Thursday, March 29, 2012

Working for Them

We were on the water by 3:30 a.m. because had we not been there at 3:30 a.m., we might not have been there at all. Easy fishing means a hard wake-up, and there are few spots on the river quite as easy - or as popular - as this particular run. We wade only a few feet from shore, make a simple switch cast to the right, follow a short drift to the left, and keep our rod tips high. The process is about as idiot-proof as the ubiquitous, "lather, rinse, repeat." We can usually count on every ninth or tenth cast being punctuated by a giddy "fish on," and the frenetic dance of a winter steelhead. It's embarrassingly easy fishing.

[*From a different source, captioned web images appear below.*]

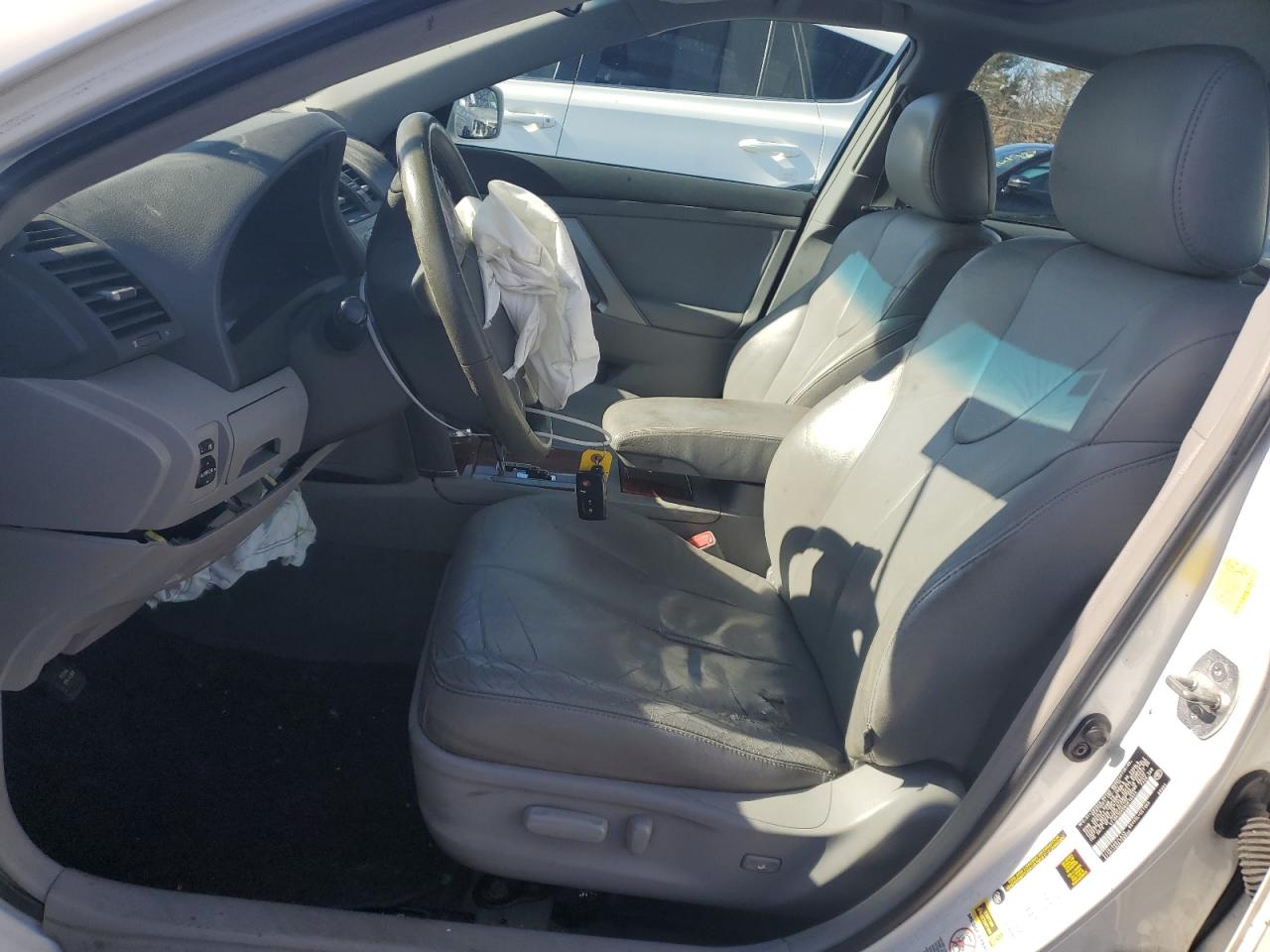 2011 Toyota Camry - Image 7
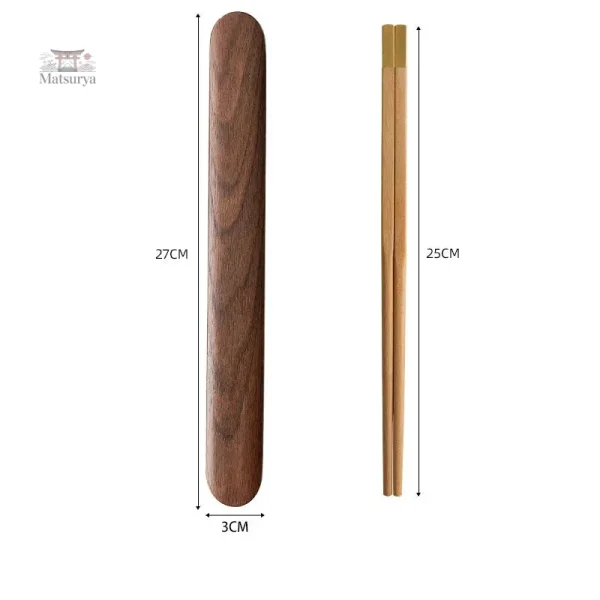 Couverts traditionnels en bois pour cuisine japonaise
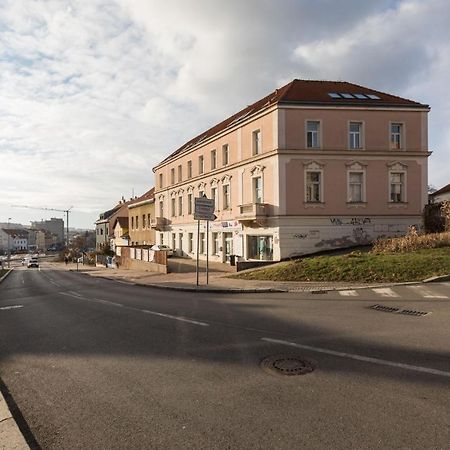 Sunshine Apartment Near The City Center Praag Buitenkant foto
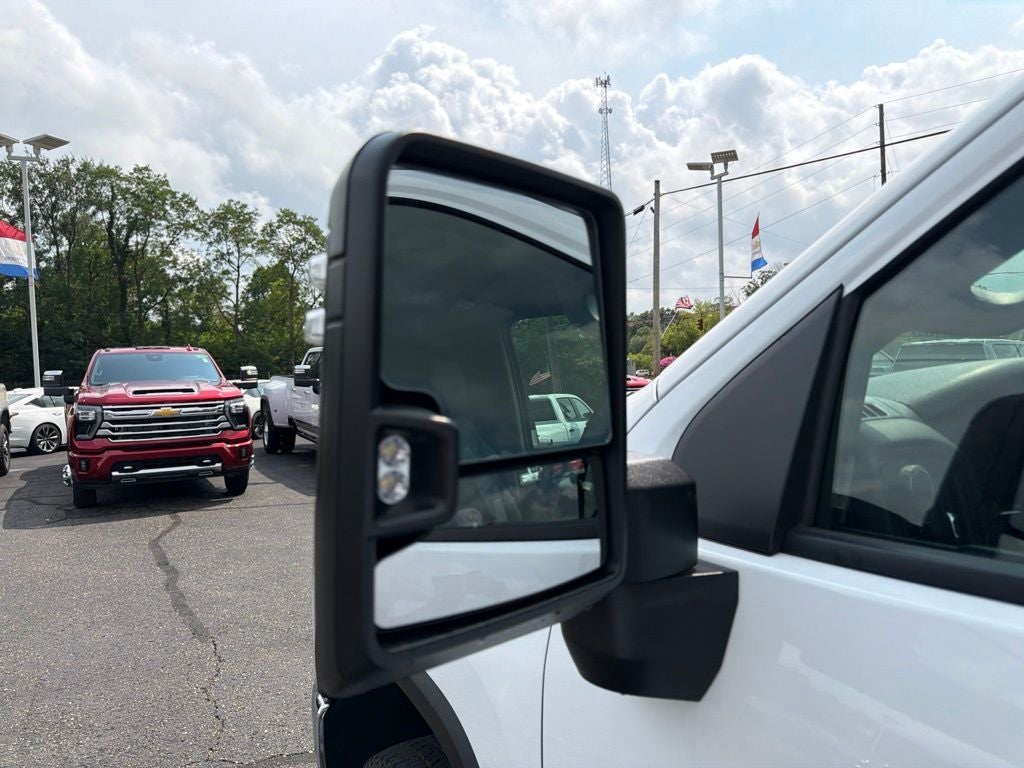 2026 Chevrolet Silverado 3500HD Work Truck w/ 9' Dump Body
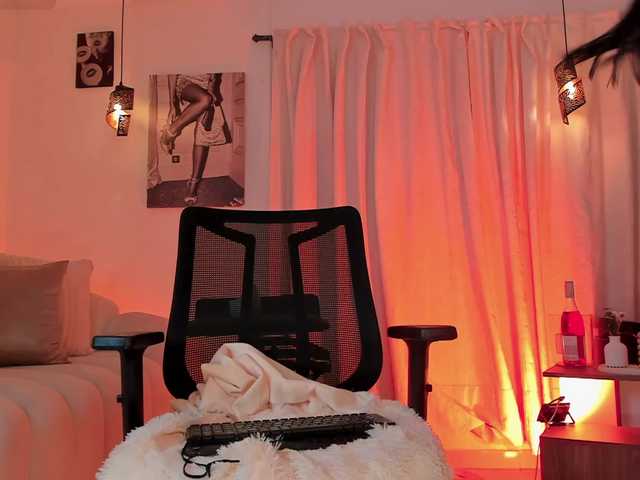IsabellaLux- live cam on BongaCams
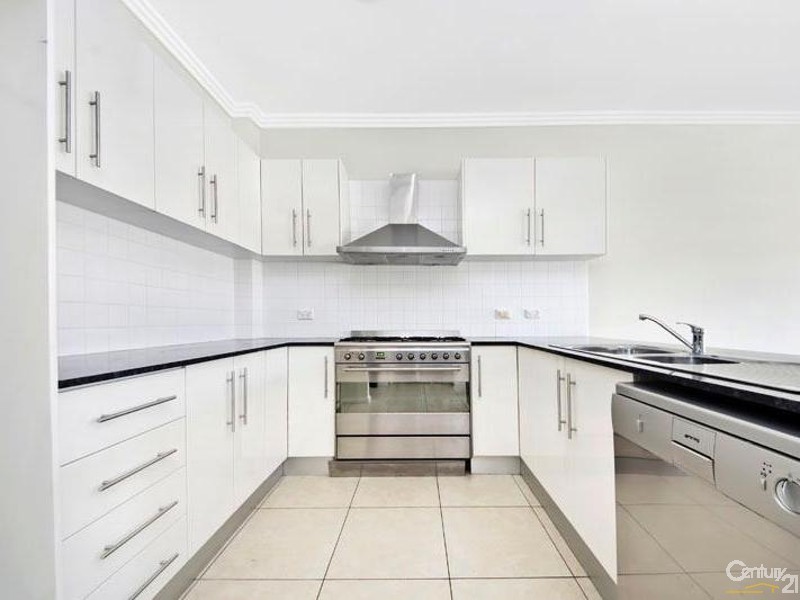 7/54 Osprey Dr, Illawong NSW 2234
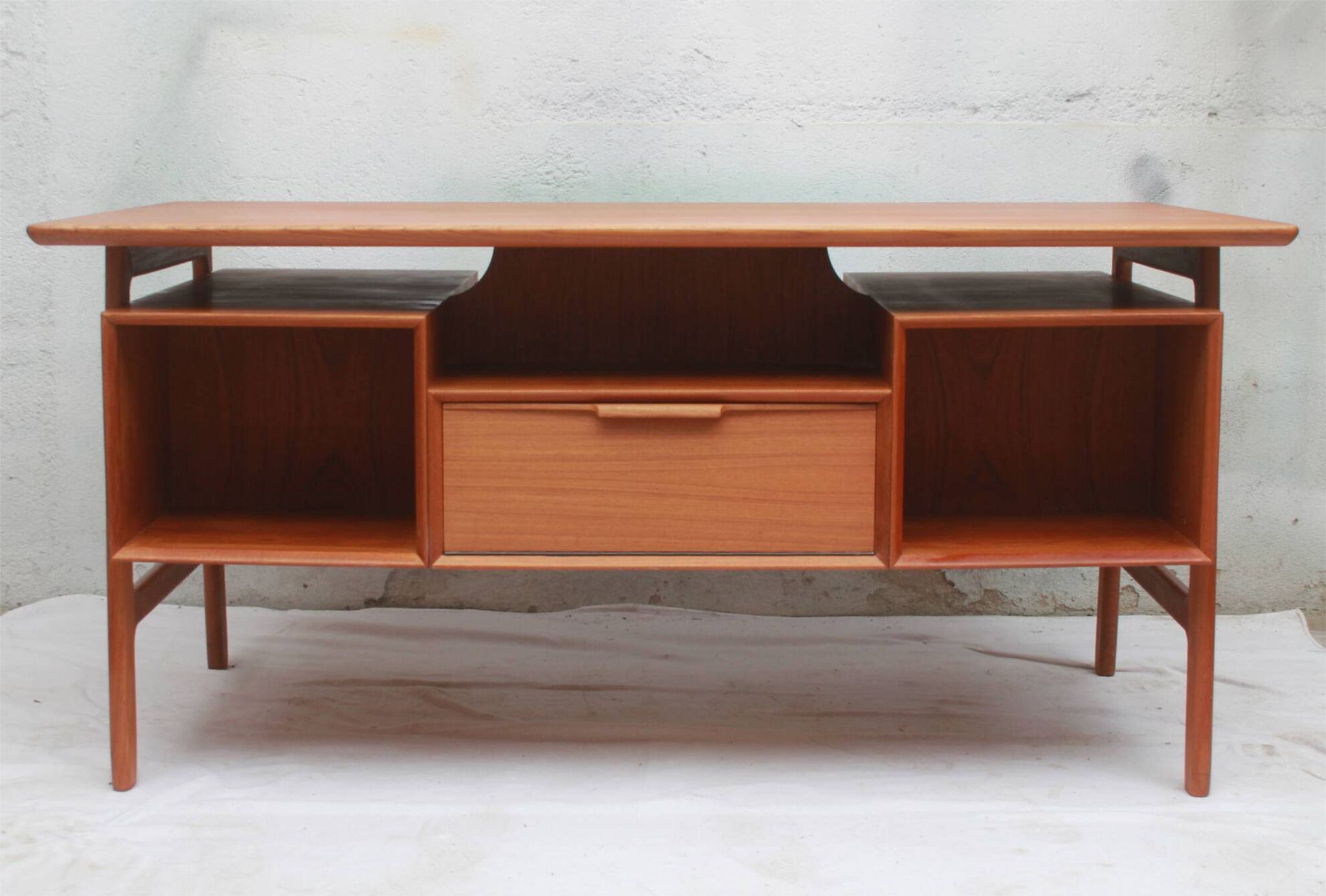 Bureau en teck, années 1960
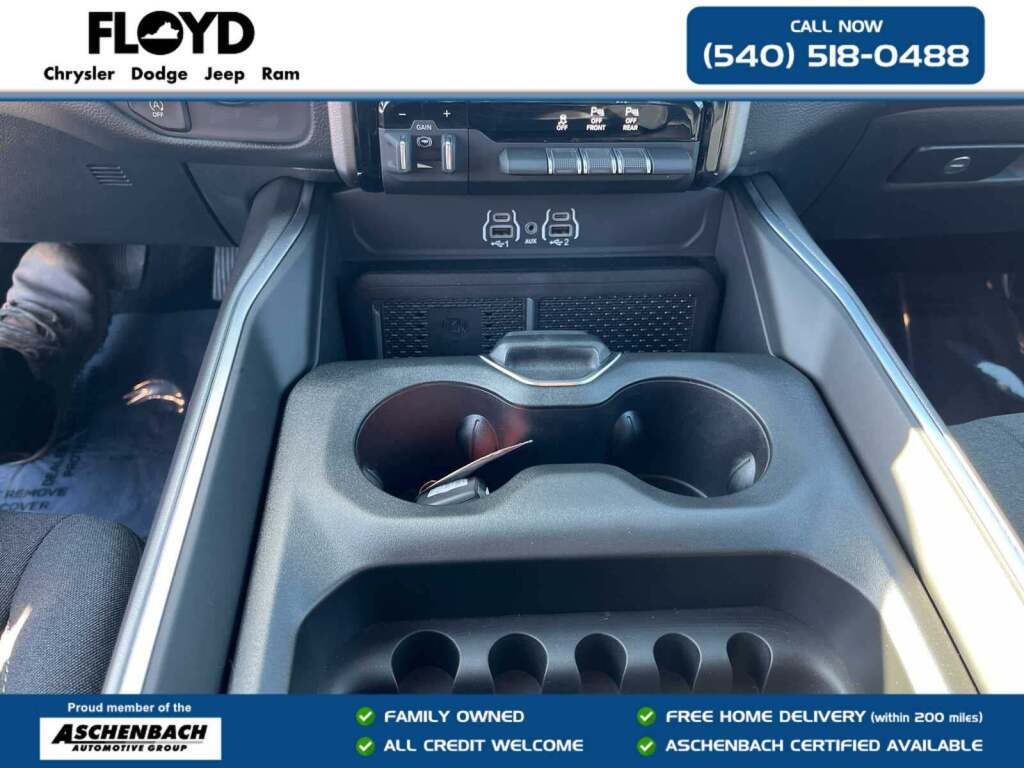 2026 Ram 1500 Big Horn Crew Cab 4x4 5'7" Box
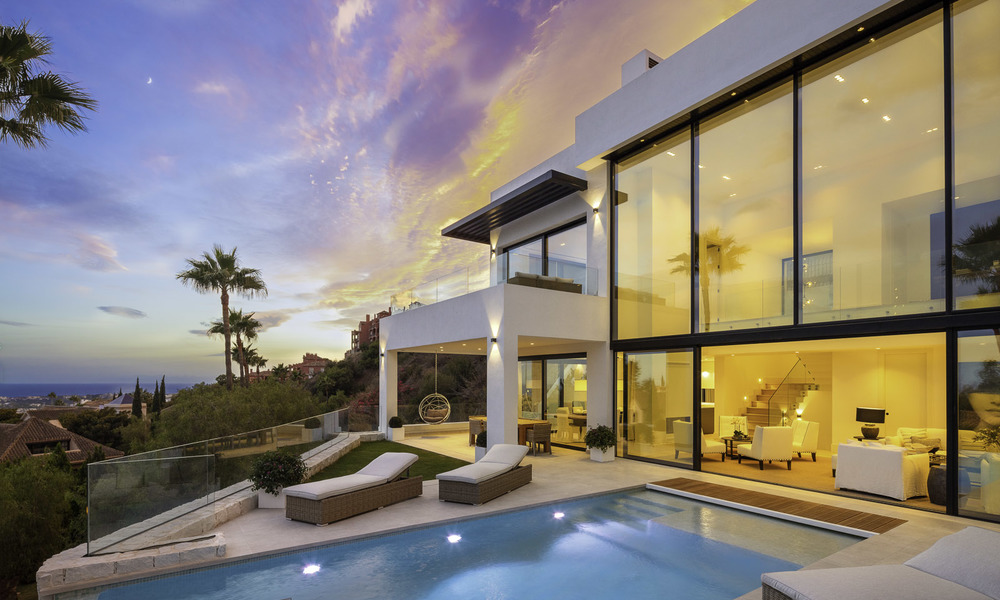Brand new, move-in-ready contemporary luxury villa with stunning sea views for sale in a sought-after golf club, Benahavis - Marbella 19568
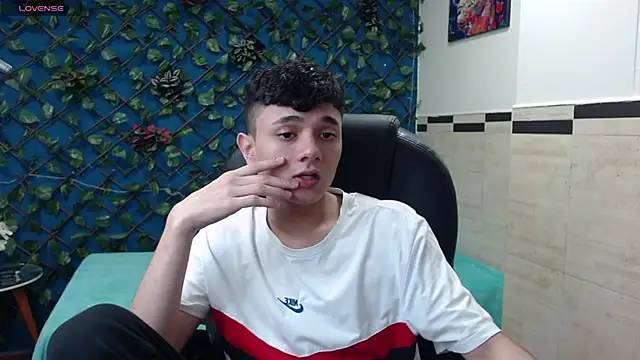 Waturox online show from 19, 3, 2025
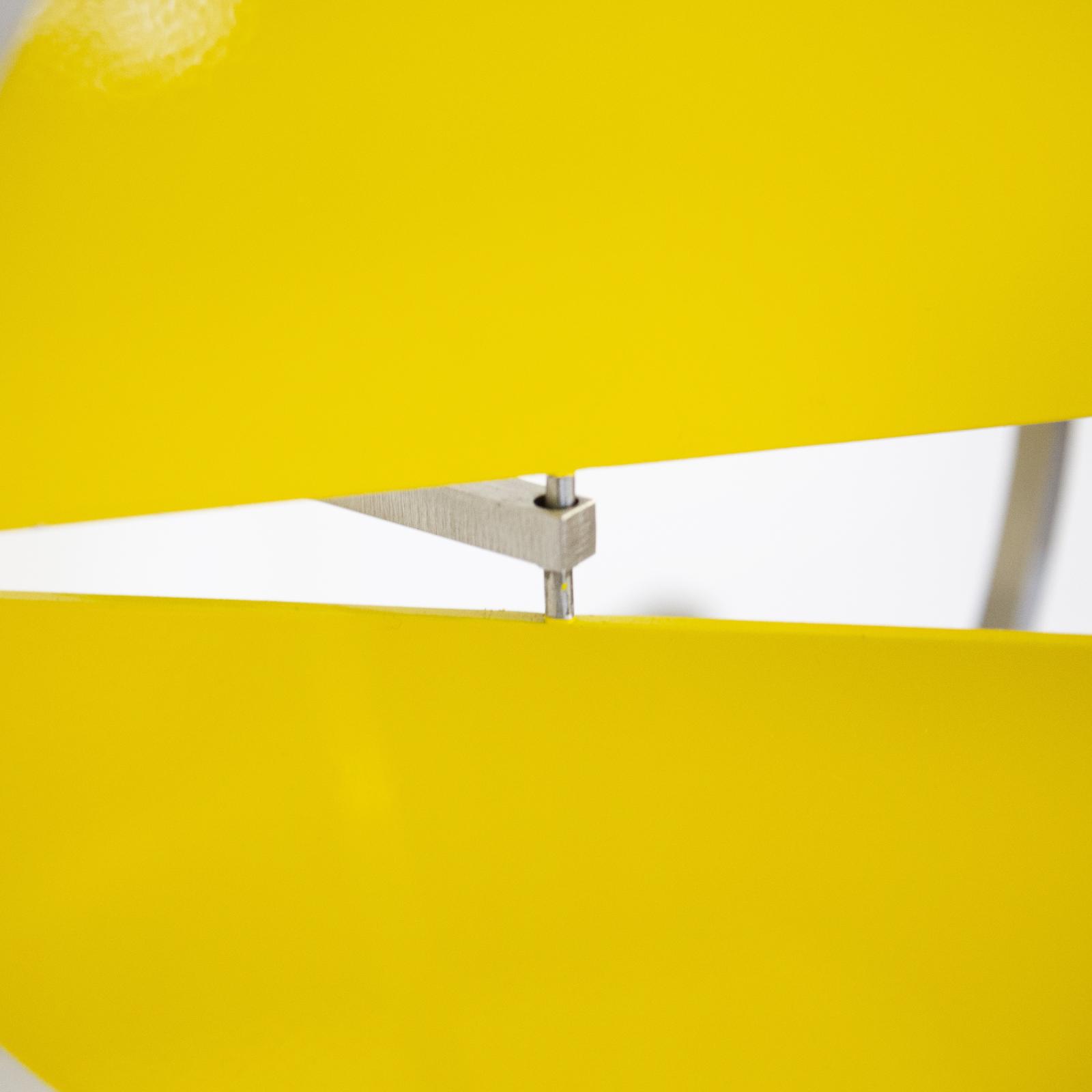 Split Disc on Two Squares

From time to time, we bug chuckers need to know we're doing things right, because so often we cannot make the magic happen. Really, it's not our fault that things do not go well. There are so many variables for which we must account that every time we step into the water the odds are almost certainly stacked against us. We bug chuckers are sensitive creatures. We need constant reassurance, and every so often we need easy fishing.

Our shared curse is that easy fishing very easily becomes tedious. Was it Sparse Grey Hackle who gave us the story of the angler who dies and goes to heaven?

A bug chucker passes away, and in short order arrives at the pearly gates to find a glittering trout stream with respectable trout rising in every run. The fish take on every cast; our celestial feather flinger can do no wrong. Every drift - every single drift - results in a fifteen or sixteen inch fish brought to hand.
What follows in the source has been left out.